The dimensions of the oblate ellipsoidal (equatorial radius > polar radius) aggregates formed by P1–P3 solutions are given in Fig. 6. Strikingly, all ellipsoids increase in dimensions with heating and P1 becomes increasingly oblate. For example, P1 has an elliptical form which upon heating increases approximately 11.5-fold in volume and becomes more disk-like in shape, with the ratio of equatorial to polar radius increasing from 3.5 to 6.3 (Fig. 6b). Whilst P1–P3 have similar polar radii, the equatorial radii are greatly increased with branching, indicating an increased oblate character in the order P1 > P2 > P3. This is likely the result of the greater restrictions on acquiring high curvature as branching is introduced. For example, P3 at 25 °C has the lowest degree of ellipsoidal character and could be fitted as a polydisperse sphere, but was kept as an ellipsoid for consistency.
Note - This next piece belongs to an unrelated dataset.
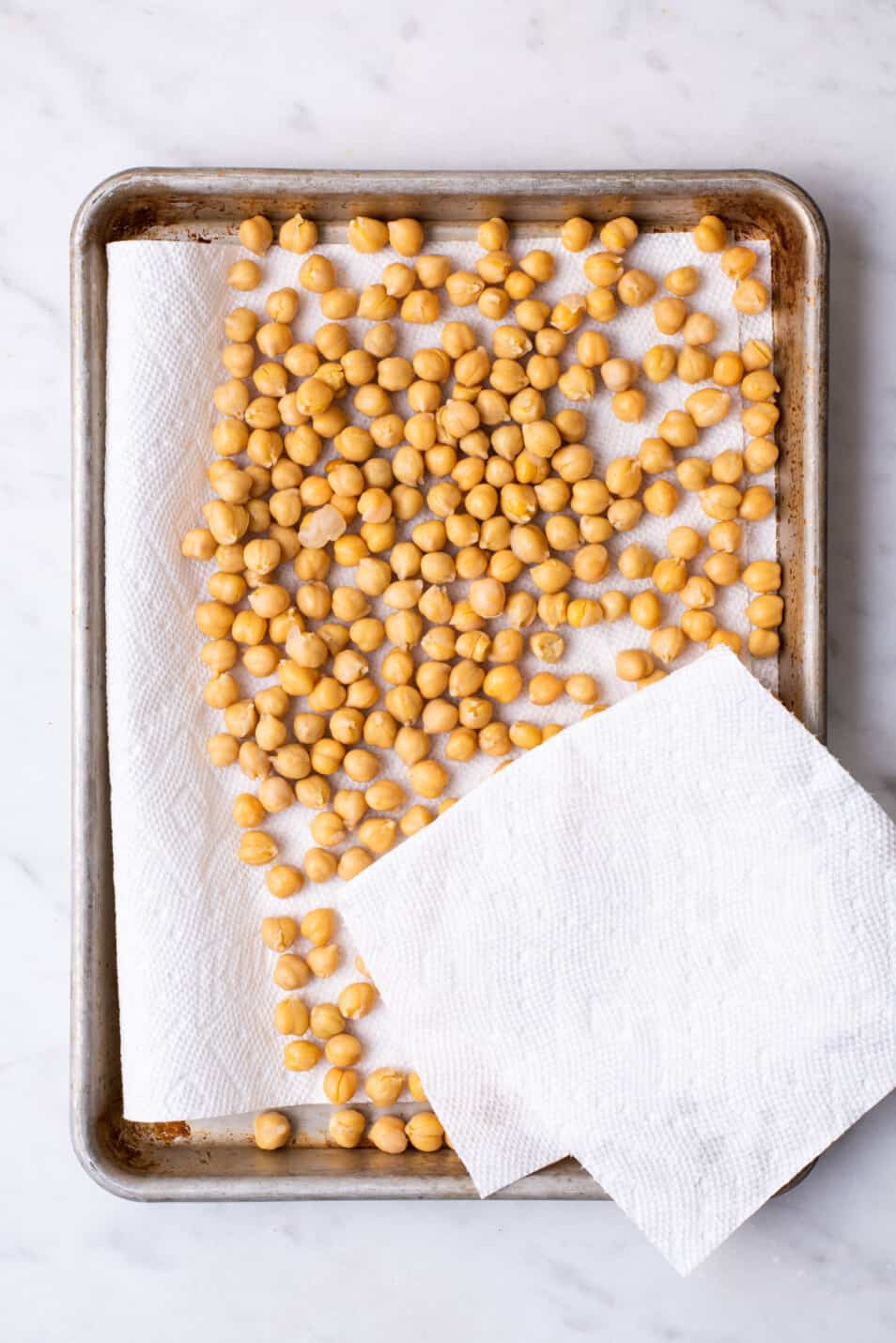 Patting chickpeas dry with paper towels.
The systems appear to become increasingly dehydrated as they are heated. Hydration of the BCS aggregates was estimated using SLD values from the fits against SLD values calculated for pure DEGMA (0.620 × 10⁻⁶ Å⁻²)²² and D₂O (6.37 × 10⁻⁶ Å⁻²). Fig. 6 shows that all BCS aggregates become increasingly dehydrated with heating. This is consistent with the thermoresponsive DEGMA component undergoing a desolvation when heated above the LCST and expelling D₂O. Given the potentially counterintuitive combination of particle growth and desolvation, the hypothesized process occurring during heating is the association of ellipsoidal species as DEGMA desolvates, resulting in growth. P1 and P2 show a lower extent of hydration than P3, which is attributed to the dense branching structure hindering solvation of the inner moieties of the BCS.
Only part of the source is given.